THE STATE OF SOUTH CAROLINA In The Court of Appeals
Cali Alyson Emory, individually and in a representative capacity for all others similarly situated, Appellant,
v.
Thag, LLC d/b/a Myrtle Beach Mitsubishi, Respondent.
Appellate Case No. 2017-000142
Appeal From Horry County Steven H. John, Circuit Court Judge
Unpublished Opinion No. 2018-UP-083 Submitted January 1, 2018 – Filed February 14, 2018
AFFIRMED
Lawrence Sidney Connor, IV, of Kelaher Connell & Connor, PC, of Surfside Beach, for Appellant.
James Y. Becker and Mary M. Caskey, both of Haynsworth Sinkler Boyd, PA, of Columbia; and Sarah Patrick Spruill, of Haynsworth Sinkler Boyd, PA, of Greenville, for Respondent.

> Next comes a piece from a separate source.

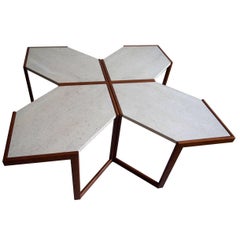 Juego de cuatro mesas modulares italianas de madera y piedra para sofá, años 60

PER CURIAM: Affirmed pursuant to Rule 220(b), SCACR, and the following authorities: AT&T Mobility LLC v. Concepcion, 563 U.S. 333, 352 (2011) (holding state law is preempted by the Federal Arbitration Act (FAA) when it "stands as an obstacle to the accomplishment and execution of the full purposes and objectives of Congress" (quoting Hines v. Davidowitz, 312 U.S. 52, 67 (1941))); York v. Dodgeland of Columbia, Inc., 406 S.C. 67, 93-94, 749 S.E.2d 139, 153 (Ct. App. 2013) ("[P]rovisions banning class arbitration . . . cannot be invalidated based upon public policy considerations embodied within state law. Rather, the 'arbitration clause[s] at issue . . . must be enforced according to [their] terms, which requires individual arbitration and forecloses class arbitration.'" (third and fifth alterations by court) (quoting Litman v. Cellco P'ship, 655 F.2d 225, 231 (3rd Cir. 2011))); Stolt-Nielsen S.A. v. AnimalFeeds Int'l Corp., 559 U.S. 662, 687 (2010) ("We think that the differences between bilateral and class-action arbitration are too great for arbitrators to presume, consistent with their limited powers under the FAA, that the parties' mere silence on the issue of class arbitration constitutes consent to resolve their disputes in class proceedings."); Holden v. Alice Mfg. Inc., 317 S.C. 215, 220, 452 S.E.2d 628, 631 (Ct. App. 1994) ("When a court construes . . . any contract, resort is first made to the language of the contract in issue, and if the language is perfectly plain and capable of legal construction, it determines the rights and obligations of the parties.").
AFFIRMED.1
SHORT, KONDUROS, and GEATHERS, JJ., concur.
1 We decide this case without oral argument pursuant to Rule 215, SCACR.